Славка закашлялся смущенно и, чтобы скрыть это, тут же обратился к докладчику:
— Извините, перебил. Да вы продолжайте, продолжайте…
— Спасибо, — коротко поблагодарил Константин. — А в прошлом году состоялся один из Вселенских соборов, так называемый Четвертый Латеранский. Был он достаточно деятельный, способствовал дальнейшему созданию церковной инквизиции. Между прочим, возглавят ее именно монахи-доминиканцы. Кроме этого, продолжится борьба Церкви против еретиков-катаров или альбигойцев — это юг Франции. Окончательно их подавят лет эдак через десять-двенадцать, не раньше. Что касается могучих держав, то там ситуация примерно следующая. Франция — самая крупная страна в Европе. На престоле умный и талантливый Филипп-Август. Жить ему осталось немного — семь лет. Сын его — Людовик Восьмой, который заменит папочку, внезапно заболеет и умрет через три года своего правления, и королем станет Людовик Девятый, прозванный впоследствии Святым. Правда, по причине малолетства править первое время за него будет мамочка — королева Бланка Кастильская. Дама энергичная и активная до безобразия.

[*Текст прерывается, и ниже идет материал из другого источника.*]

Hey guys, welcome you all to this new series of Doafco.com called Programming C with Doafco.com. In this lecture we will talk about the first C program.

— Я буду смел и груб с миллионершами, лишь дайте только волю, мужики, — вновь не удержался от цитирования Высоцкого Славка.

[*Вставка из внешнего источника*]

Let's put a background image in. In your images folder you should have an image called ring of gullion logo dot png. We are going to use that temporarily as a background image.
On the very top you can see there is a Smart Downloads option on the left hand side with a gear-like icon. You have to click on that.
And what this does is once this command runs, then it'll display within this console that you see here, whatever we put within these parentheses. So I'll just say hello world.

На этот раз помощь к Константину пришла с противоположной, если иметь в виду конец лавки, стороны. Минька, сам изрядный любитель похохмить, неожиданно для самого себя обнаружил, что этот экскурс галопом по Европам чертовски интересен. Тем более с учетом того диковинного обстоятельства, что все присутствующие здесь, включая его самого, являются — как это ни дико звучало — современниками и крестовых походов, самых что ни на есть настоящих, и короля Людовика Святого, который сейчас будет вроде как помладше самого Миньки. Этот вопрос почему-то больше всего его заинтересовал, и он, одернув Славку за рукав, тут же сам обратился к Константину:
— А этому Людовику Святому сколько сейчас лет?
— Года два-три, — быстро прикинул в уме преподаватель истории. — На престол же он взойдет в двенадцатилетнем возрасте.
— Салага, — презрительно протянул Минька и, довольный, откинулся на резную спинку лавки.
Славка сдержанно фыркнул, но новоявленный лектор, не обращая на это внимания, устремился дальше:
— В Германии пока еще существует так называемая Священная Римская империя. Что-то типа союза мелких немецких графов, герцогов, баронов и даже королей под началом одного императора. Им уже пять лет является Фридрих Второй — весьма молодой и энергичный. Царствовать он будет аж до середины этого века. В вопросах религии вольнодумец, по характеру — приветлив, лукав, любезен, ум — гибкий, но может быть твердым и жестоким. Сейчас он только начинает разворачиваться. На престол его избрали в семнадцать лет, стало быть, сейчас ему двадцать два года. В Англии тоже бардак. Год назад, как раз в мае, король Иоанн Первый Безземельный, родной брат Ричарда Львиное Сердце, подписал Великую хартию вольностей, которую ему подсунули бароны. Хартии и раньше издавались английскими королями, но были чем-то вроде большевистских декретов — туманные обещания в общей форме, а эта первой точно определила все условия, нормы и обязательства короля перед народом, но главным образом перед знатью. Считается, что именно с этого года и начался знаменитый английский парламентаризм. Правда, он ее тут же отменил где-то к концу лета и начал опять войну со своими баронами. Почуяв запах жареного и желая наконец стать королем, в мае этого года в Англии высаживается французский принц Людовик — будущий король Франции Людовик Восьмой.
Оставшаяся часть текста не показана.